Falling water levels should be good for the overall health of the lake eventually, but they’re not helping anglers looking to capitalize on incoming waves of bass.

“It’s fallen a foot in the last month and a half, I would say,” Hoinig said. “And they’ve got the gates open, and they’re steadily dropping it. It will be good long term. You know, the idea is to get it down low for summer so they can hopefully get out there and scrape these areas that are just full of mud so vegetation can grow. But right now, for this time of year, the fishing, it’s not good.”

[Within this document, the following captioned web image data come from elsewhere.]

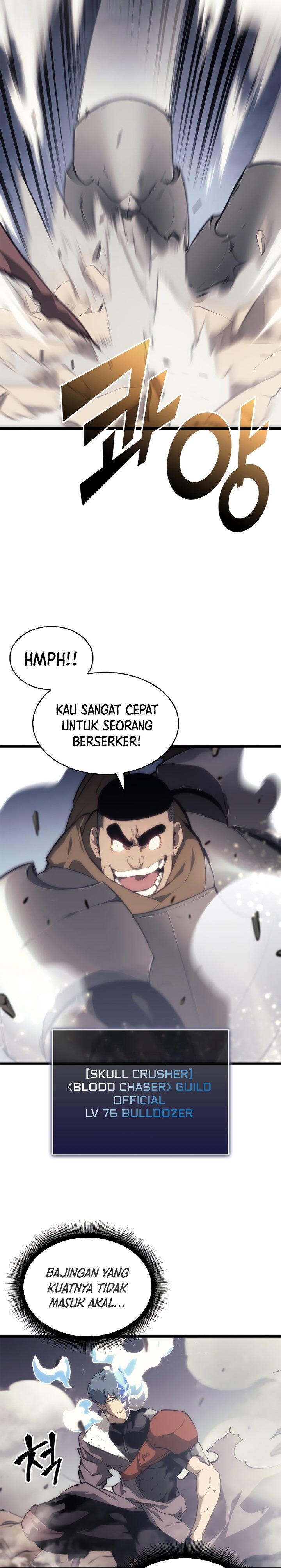 Return of the SSS-Class Ranker chapter 30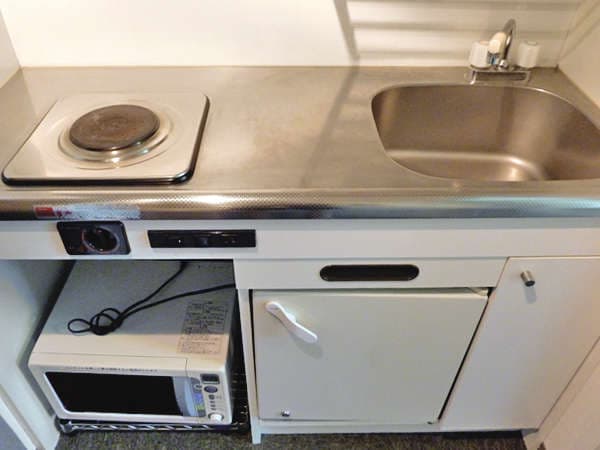 Kitchenette rooms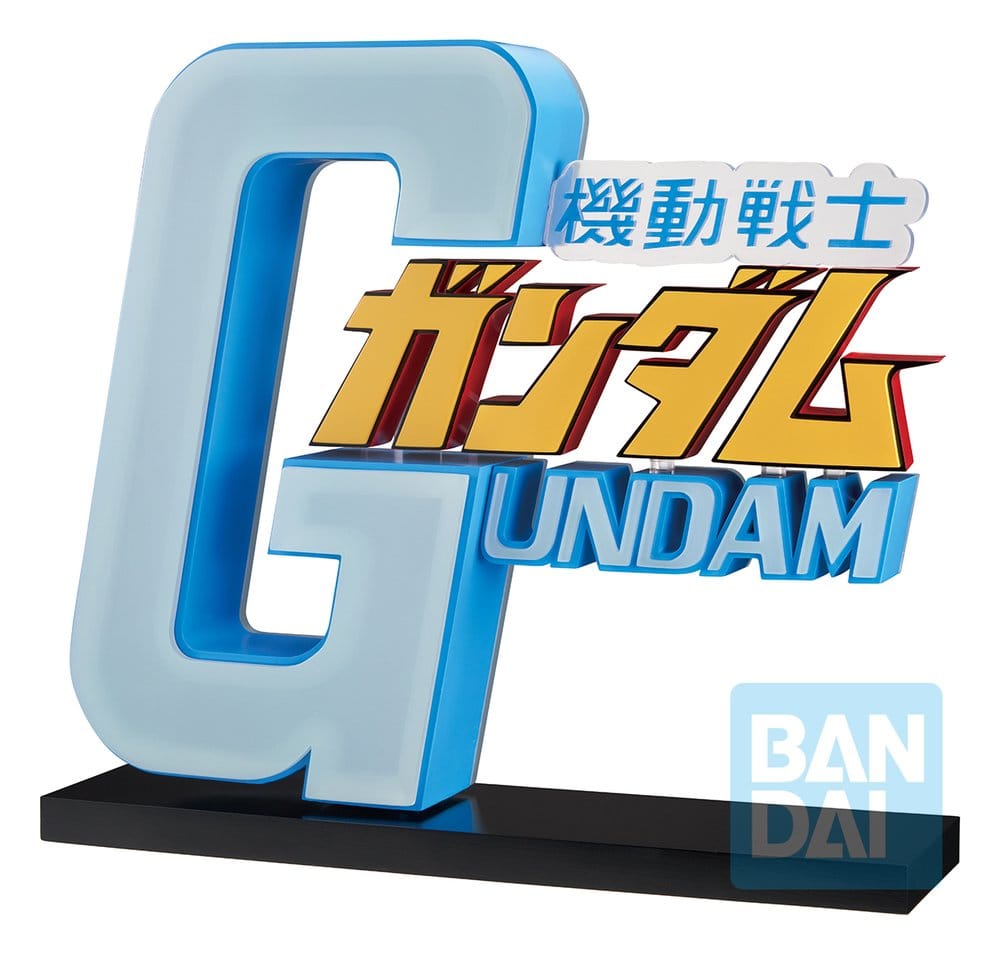 Mobile Suit Gundam Universal Century Saga 2 Ichibansho PVC-Figur The Gigant Name 25 cm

Notably, while the fishing in the formerly expansive grass flats around the rim of Okeechobee has been difficult, more and more anglers are turning to the canals and rivers around the lake instead.

“People have started unlocking that with LiveScope, just catching them on a minnow and doing stuff like that in the canals,” Hoinig said. “Now that the lake’s [not as good], the canals are more crowded, that’s for sure.”

For baits, Hoinig thinks that standards like a Gambler Fat Ace will play, as well as a wacky-rigged Gambler Ace. On the moving bait side, he likes a ChatterBait with a Gambler Little EZ trailer – obviously a key player in any Florida tournament. For probing in the canals, a Carolina rig with a 10-inch Gambler Ribbon Tail Worm gets the call.